We consider the following minimization problem.
$
\min_\theta f(\rho(\theta))
$
Here, $f$ is a functional to minimise, $\rho$ is a state space variable and $\theta$ is a parameter set. A typical application is $f$ being a loss functional $\rho$ being a function $u$, and $\theta$ being the parameters of a neural network.
## Gradient Descent Methods
Gradient descent methods minimise $f$ by following the negative gradient flow with respect to the parameters $\theta$. This means, that if $\theta$ is parameterised as $\theta(t)$ the minimisation can be described as the discretisation of the ODE
$
\dot{\theta} = -\nabla_{\theta} f(\rho(\theta)).
$
This is the typical approach for neural networks. The problem here is that we minimise with respect to the gradient of the artificial parameter variable $\theta$, and not with respect to the natural state-space variable $\rho$. This is where natural gradient descent methods come in.

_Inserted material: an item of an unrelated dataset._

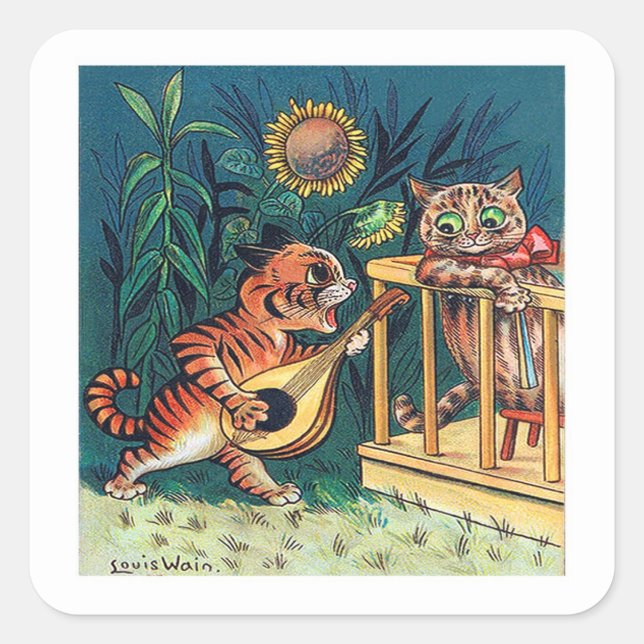 Pegatina Cuadrada Kitty Serenade de Louis Wain (Anverso)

## Natural Gradient Descent
Assume that $\theta$ is a smooth parameterisation. We can define the tangent manifold $\mathcal{T}M$ as
$
\{\partial_{\theta_1}\rho, \dots, \partial_{\theta_p}\rho\}\subset\mathcal{T}M.
$
We can define a smooth curve $t\rightarrow \rho(t)$ as $\rho$ moves through parameter space. We obtain
$
\frac{df(\rho(t))}{dt} = \left\langle \partial_{\rho}f(\rho(t)), \partial_t\rho(t)\right\rangle
$
Define
$
\frac{d\theta}{dt} = \dot{\theta} = (\eta_1,\dots,\eta_p)^T.
$
Then
$
\partial_t \rho(\theta) = \sum_{i=1}^p \eta_i \cdot \partial_{\theta_i}\rho(\theta).
$
With this we can now write
$
\frac{df(\rho(t))}{dt} = \left\langle \partial_{\rho}f(\rho(t)), \sum_{i=1}^p \eta_i \partial_{\theta_i}\rho(\theta)\right\rangle.
$
This shows that to maximise the gradient we need to choose the $\eta\_i$ such that the linear combination $\sum_{i=1}^p\eta_i\partial_{\theta_i}\rho(\theta)$ is just the orthogonal projection of $\partial_\rho f(\rho(\theta)$ onto the tangent space $\mathcal{T}M$. To compute this orthogonal projection we require that
$
\langle \partial_\rho f(\rho(t)), \partial_{\theta_j} \rho(\theta)\rangle = \sum_{i=1}^p \eta_i\langle \partial_{\theta_i}\rho(\theta), \partial_{\theta_j}\rho(\theta)\rangle,\quad j=1,\dots,p
$
which is just the usual normal equation condition that the residual must be orthogonal onto the tangent space $\mathcal{T}M$. But let's consider the left-hand side of the above equation. We have
$
\partial_{\theta_j}f(\rho(\theta)) = \langle \partial_\rho f(\rho(t)), \partial_{\theta_j} \rho(\theta)\rangle.
$
But this is just the gradient with respect to the parameterisation $\theta$, used for the gradient descent method. Define $\eta^{GD}$ by $\eta^{GD}_j = \langle\partial_\rho f(\rho(t)), \partial_{\theta_j}\rho(\theta)\rangle$ as the vector computed in the gradient descent method. Furthermore, we denote by $\eta^{nat}$ the coordinates $\eta_i$ that define the orthogonal projection of $\partial_\rho f(\rho(t))$ onto $\mathcal{T}M$. From the normal equation above we obtain
$
G(\theta) \eta^{nat} = \eta^{GD},
$
with $G(\theta)_{i, j} = \langle\partial_{\theta_i}\rho(\theta), \partial_{\theta_j}\rho(\theta)\rangle$ the Gram matrix of the derivatives of the state variable $\rho$ with respect to the parameterisation. Hence, the flow of the natural gradient descent follows the ODE
$
\dot{\theta} = -G(\theta)^{-1}\eta^{GD}
$
and is therefore just a preconditioned version of the standard Gradient Descent flow. The effect of this preconditioning is that we minimise $f$ with respect to its $\rho$-gradient, and not the $\theta$-gradient. Not only is this what we actually want, it also has the desired effect that the gradient descent is independent of the parameterisation.
## References
[1]
L. Nurbekyan, W. Lei, and Y. Yang, ‘Efficient Natural Gradient Descent Methods for Large-Scale PDE-Based Optimization Problems’, _SIAM J. Sci. Comput._, vol. 45, no. 4, pp. A1621–A1655, Aug. 2023, doi: [10.1137/22M1477805](https://doi.org/10.1137/22M1477805).